During the 13th century the ownership of the tithes of Fulwell was disputed between Oseney and successive rectors of Mixbury. The first dispute was settled in 1216, and in 1251 the tithes of sheaves in Fullewelheth formed one of the subjects of a composition between Oseney and John de Exeter. (fn. 187) In 1263 the abbey's right to receive these tithes was reaffirmed after further dissension. (fn. 188) One of two undated bulls of Nicholas V (1447–55), apparently confirmations of the 1435 agreement, included the Fulwell tithes amongst those granted by Oseney to the Mixbury rectors, but the other specifically reserved to the abbey all the greater and lesser tithes of Fullewelheth, except a few personal ones. (fn. 189) Oseney certainly retained them, for in the 16th century they were farmed out with the manor. (fn. 190) After the abbey's dissolution they were granted in 1541 to Sir John Wellesborne. (fn. 191) The rector received a modus of £1 12s. (fn. 192)

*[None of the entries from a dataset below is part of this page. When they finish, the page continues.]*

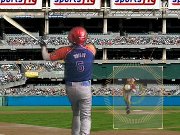 Žaisti Super Slugger Online Nemokamai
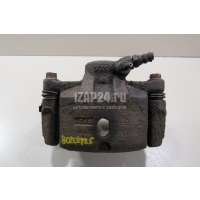 Суппорт тормозной задний правый Mitsubishi Pajero/Montero II (V1, V2, V3, V4) (1997 - 2001) MB858465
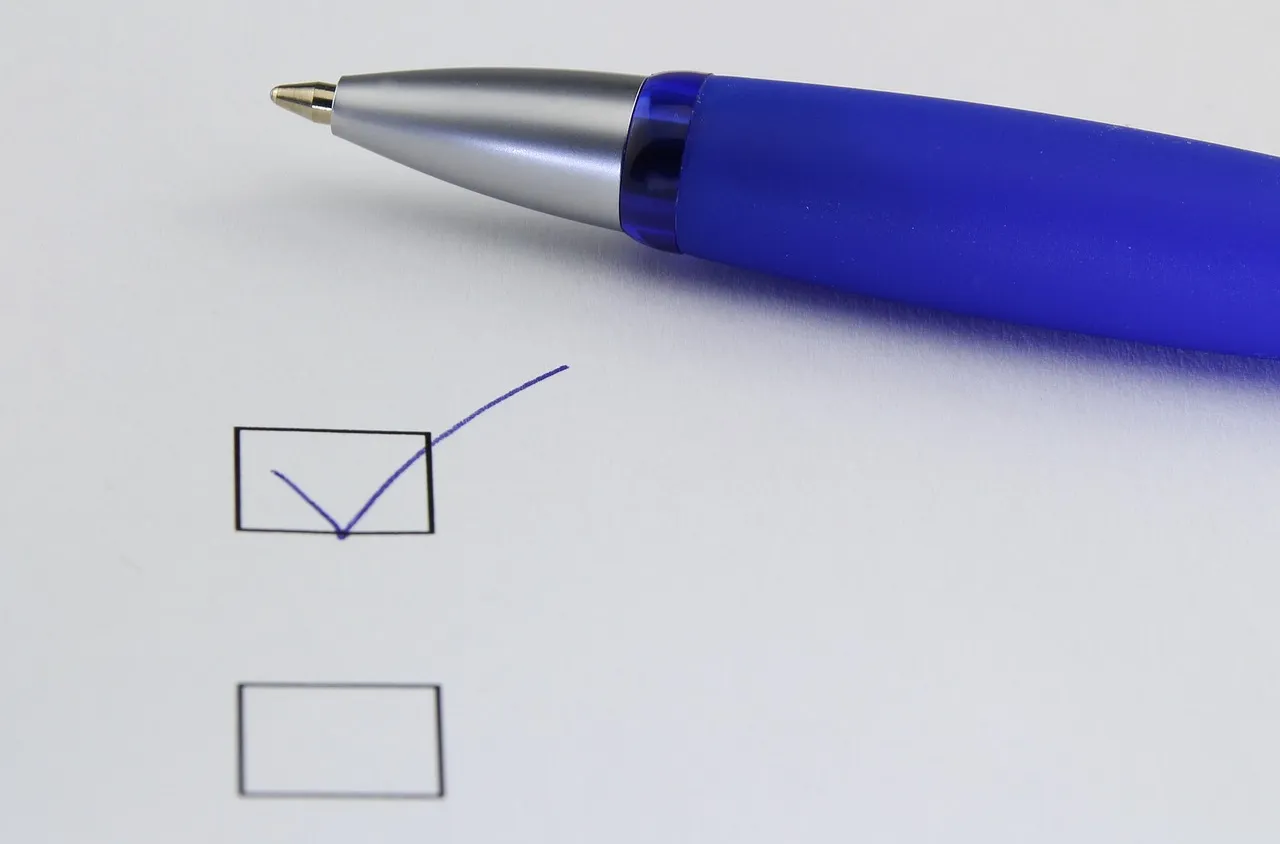 Скандали белязаха предизборната кампания в Косово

The earliest evidence for the existence of the church at Mixbury dates from the grant of its tithes in 1074 (see below). Willaston's were granted at the same time and it may already have had its own chapel, although it is possible that its tithes still formed part of the endowment of the mother church. A chapel there was first specifically recorded in a charter of 1151 confirming a grant in about 1123 of Mixbury advowson. (fn. 193) The chapel always remained dependent on Mixbury and was still being used, at least for christenings and burials, as late as 1645. (fn. 194)
In the late 11th and early 12th centuries the advowson of Mixbury was probably held by the D'Ivrys, but after the death of Roger d'Ivry in about 1120 or possibly earlier it must have passed to the justiciar Ralph Basset. (fn. 195) In or soon after 1123 Basset gave to a clerical son all his advowsons. These, including the advowson of Mixbury and its chapel of Willaston, were granted by the latter to Oseney Abbey perhaps on its foundation in 1149, and were confirmed to the abbey in 1151 by Archbishop Theobald. (fn. 196) In the confusion of Stephen's reign the abbey perhaps lost the advowson, for by 1213 it was in the hands of Thomas de St. Valery, the lord of the manor. When he granted Mixbury to Oseney in that year he reserved the advowson to himself and his heirs. (fn. 197) Confirmations by Robert, Count of Dreux, in 1225, and Richard, Earl of Cornwall, in 1230, made the same reservation. (fn. 198) But between 1274 and 1277 Edmund, Earl of Cornwall, gave the advowson to Walter de Merton, Bishop of Rochester, and his successors, in part exchange for the advowson of St. Buryan (Cornwall). (fn. 199) Nevertheless, in 1334 John of Eltham, Earl of Cornwall, unsuccessfully attempted to claim it from Bishop Hamo Hethe as belonging by right to his honor of St. Valery. (fn. 200) Oseney Abbey also tried at this period to secure the advowson. In 1352 and 1354 Edward III granted it licences to exchange the advowsons of Bucknell and Swerford for that of Mixbury. (fn. 201) Nothing came of this, and a further attempt to exchange (the advowson of Cornwell being substituted for that of Swerford) was made in 1396, the year in which Oseney was given permission to appropriate the church. (fn. 202) The exchange did not materialize, even though Bishop Bottlesham of Rochester was apparently willing and obtained a similar licence. (fn. 203)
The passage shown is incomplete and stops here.